# How many acres will I need to run 200 head.



## cotopaxi14 (Jun 6, 2015)

I live in Montana and I'm about to buy cattle. I have 800 acres and 75-100 irrigated and the rest normal western grazing land. I have a year round water supply for them through multiple creeks and ponds. Someone told me it was 5 acre a month range ( whatever that means) .


----------



## charloisfarmer (Jul 12, 2015)

Idk as I am younger but beautiful country and why are u starting out with so many head


----------



## cotopaxi14 (Jun 6, 2015)

I've worked a lot of ranches before, when I was younger


----------



## charloisfarmer (Jul 12, 2015)

Oh ok just wondering


----------



## cotopaxi14 (Jun 6, 2015)

But I haven't in like 5 years i just don't know much about the carrying capacities of this area on Montana.


----------



## Bowpeep (Sep 27, 2015)

Some local agencies have figures for the AUM for lands in there areas, I suggest basing your heard off their suggestions and then watching your land and how it is when moving cattle to next pasture. You may have lots of grass left which could be nice if the following year is dry or you may be over grazing and need to reduce heard to benefit yourself in maintaining good pasture land


----------



## cotopaxi14 (Jun 6, 2015)

It was dry 2 years ago and I didn't really have any grass


----------



## mtmedic (Aug 3, 2015)

I also live in Montana. You will need 5 acres/cow-calf pair. of pasture for most normal seasons. This past year 7 ac/cow would have been better. If you are using your irrigated ground for hay you have 700 ac of pasture. IF you want to start conservative start 100 head/pair and grow to 140, as you see how you land handles the land handles the grazing pressure. Good luck hope this helps.


----------



## cotopaxi14 (Jun 6, 2015)

Thanks a lot, yeah 200 head might be a bit much, but will 100 head even break even financially


----------



## mtmedic (Aug 3, 2015)

*Maybe*

at today prices you may. if you own the cows already. 18 months of feeding for 8-9 hundred weight at 2.85 a lb.
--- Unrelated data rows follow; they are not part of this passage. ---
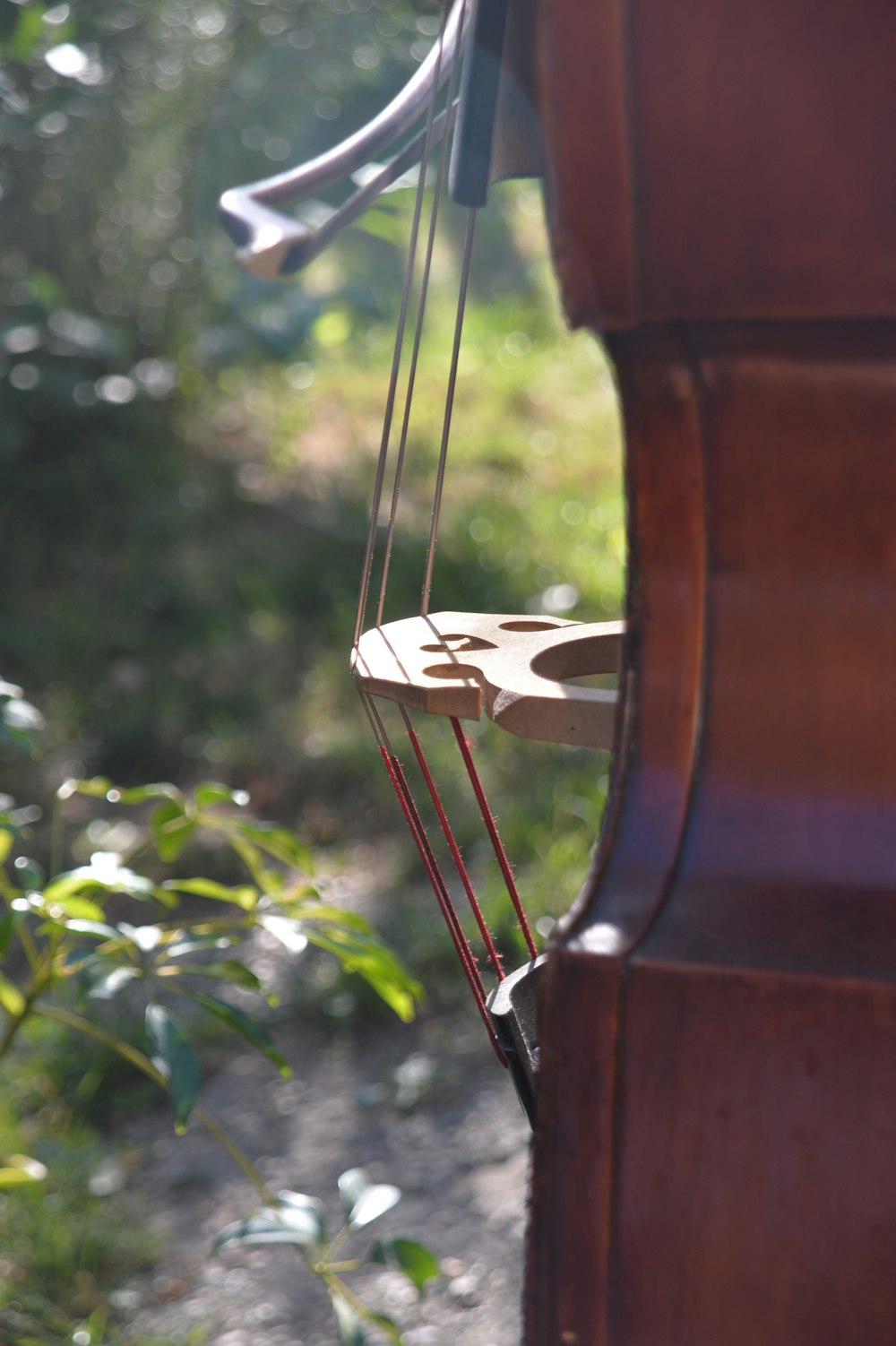 eine Nahaufnahme eines Musikinstruments, an dem Saiten befestigt sind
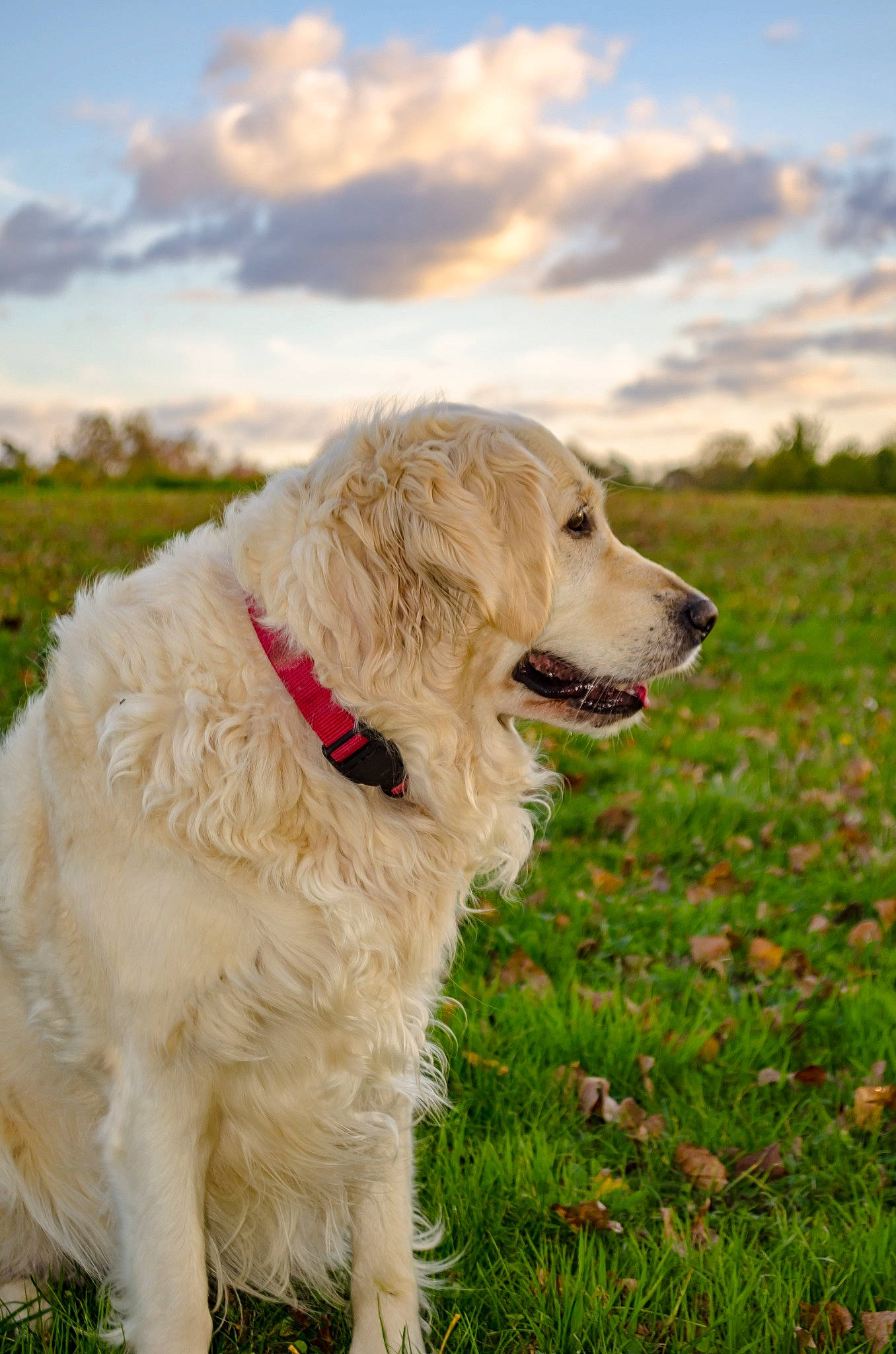 Iana participe au concours pour gagner de l'argent avec cette photo : ball, carnivore, cloud, collar, companion_dog, cumulus, dog, dog_breed, grass, grassland, gun_dog, happy, meadow, people_in_nature, plant, retriever, sky, sporting_group, tree, working_dog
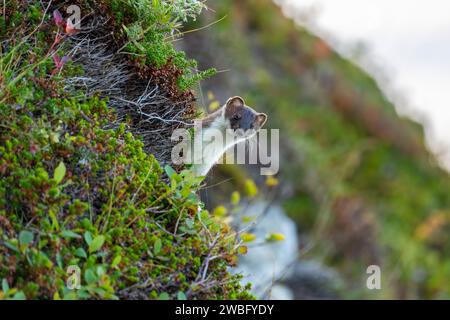 Weasel regarde autour du coin avec intérêt sur l'île de Hillesøya à Troms, en Norvège. Hermine en robe d'automne entre fleurs sauvages et myrtille Banque D'Images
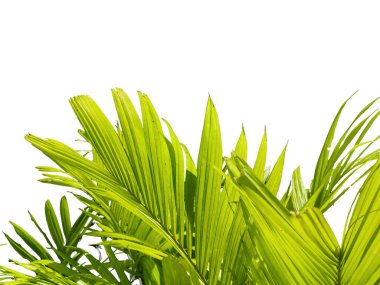 Palmiye yaprakları ve dallar beyaz arka planda grafik tasarımı veya duvar kağıdı için izole edilmiş. Baskı için tropikal ilkbaharda doğal şablonlar. Fotoğraf posteri ya da tebrik kartı. 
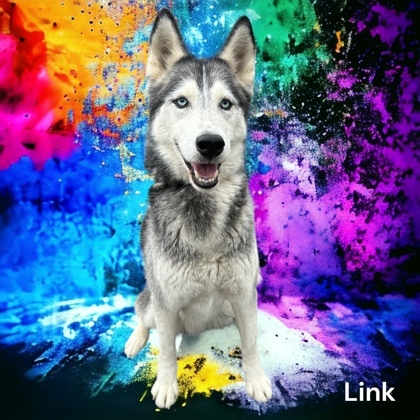 Link 1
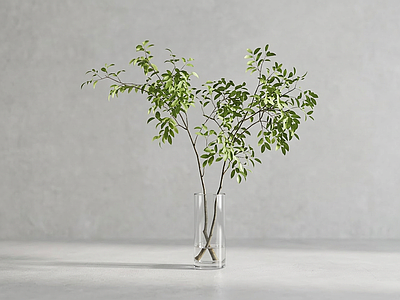 造型绿植灌木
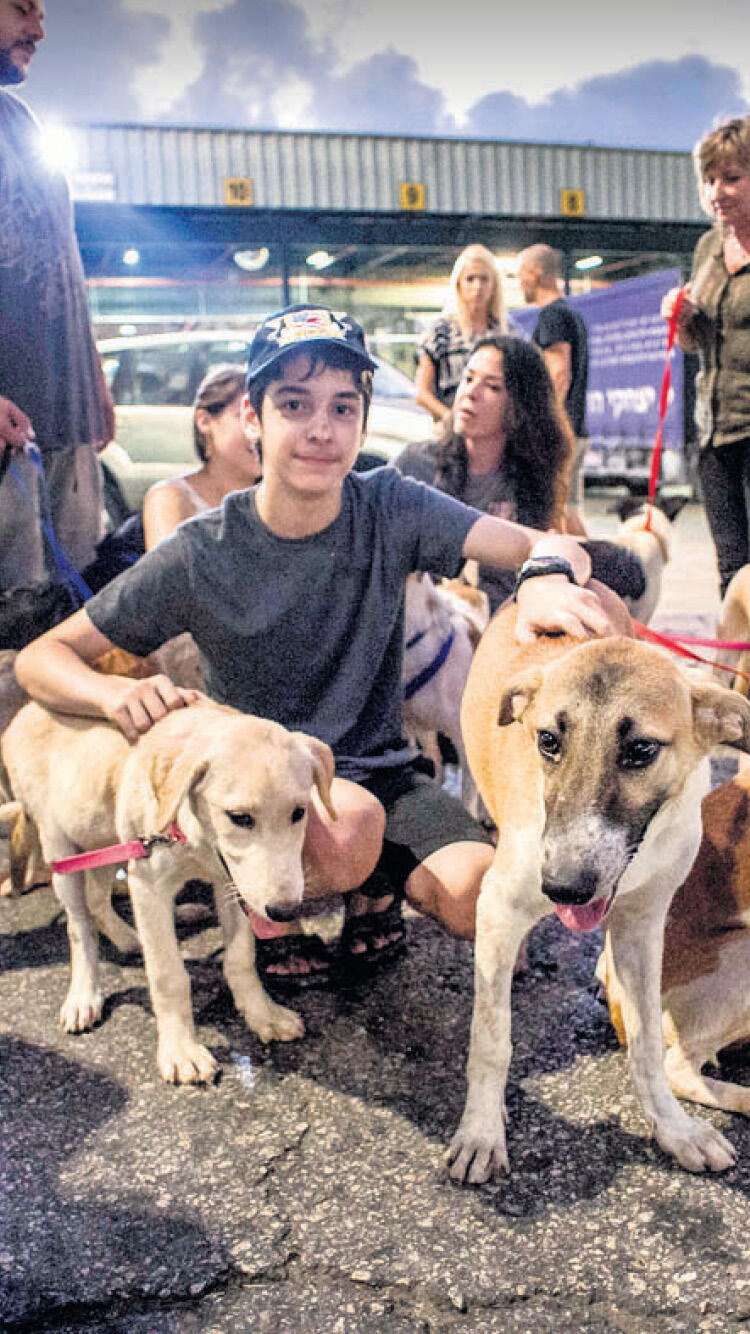 Canaan dogs on their way to the US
So, 2280 per head and say 80 head to market 182400, is not a great pay day but it is 10,000 a month so will you brake even it on you. That is today prices they may hold they may not. YOur question is can you hold out for the 18 month. Not sure which county but in Ravalli that is along 18months. 

Good luck


----------



## Gerard-Dawn (Sep 5, 2014)

For that number of cattle I'd say you need about 6 acres of pastures. Good luck in your venture!


----------



## cotopaxi14 (Jun 6, 2015)

Yeah I think I might need more like 1000-1200 acres


----------



## tnsalersbreeder (Dec 3, 2015)

cotopaxi14 said:


> I live in Montana and I'm about to buy cattle. I have 800 acres and 75-100 irrigated and the rest normal western grazing land. I have a year round water supply for them through multiple creeks and ponds. Someone told me it was 5 acre a month range ( whatever that means) .
> View attachment 348



Here in TN the stocking rate is 1 cow calf per acre and half. I would say there in montana it is probably 1 cow calf per five acres maybe more.


----------



## cotopaxi14 (Jun 6, 2015)

Per month or per year


----------



## tnsalersbreeder (Dec 3, 2015)

1 cow calf per acre and a half here period it doesn't specify really. I know we run 35 momma cows and calves plus a bull. We have plentiful grass doing that with a rotational grazing system. At one time we stocked as high as 46 head with the babies to and the bull. We only have 70 acres though and up until a year or so ago we had a drought very year.


----------



## tnsalersbreeder (Dec 3, 2015)

Years ago my dad had a 500 acre farm and ran 350 head!


----------



## tnsalersbreeder (Dec 3, 2015)

cotopaxi14 said:


> Yeah I think I might need more like 1000-1200 acres


That's about right for Montana and 200 head.


----------



## cotopaxi14 (Jun 6, 2015)

How'd your dad run so many in such little acreage?


----------



## tnsalersbreeder (Dec 3, 2015)

I have no idea he has a degree in animal science. But here in Tn at one cow calf per acre and half thats about right. I was probably a couple years old when he sold that farm. I'm just going by what he told me. I'm nearly 38 now so it was loooooooooooong ago. He raised Herefords, shorthorns, Angus, and beef masters in the time he had the farm. Not all at once of course but he did.


----------



## cotopaxi14 (Jun 6, 2015)

Oh ok, yeah there's no way I could do that with Montana range land.


----------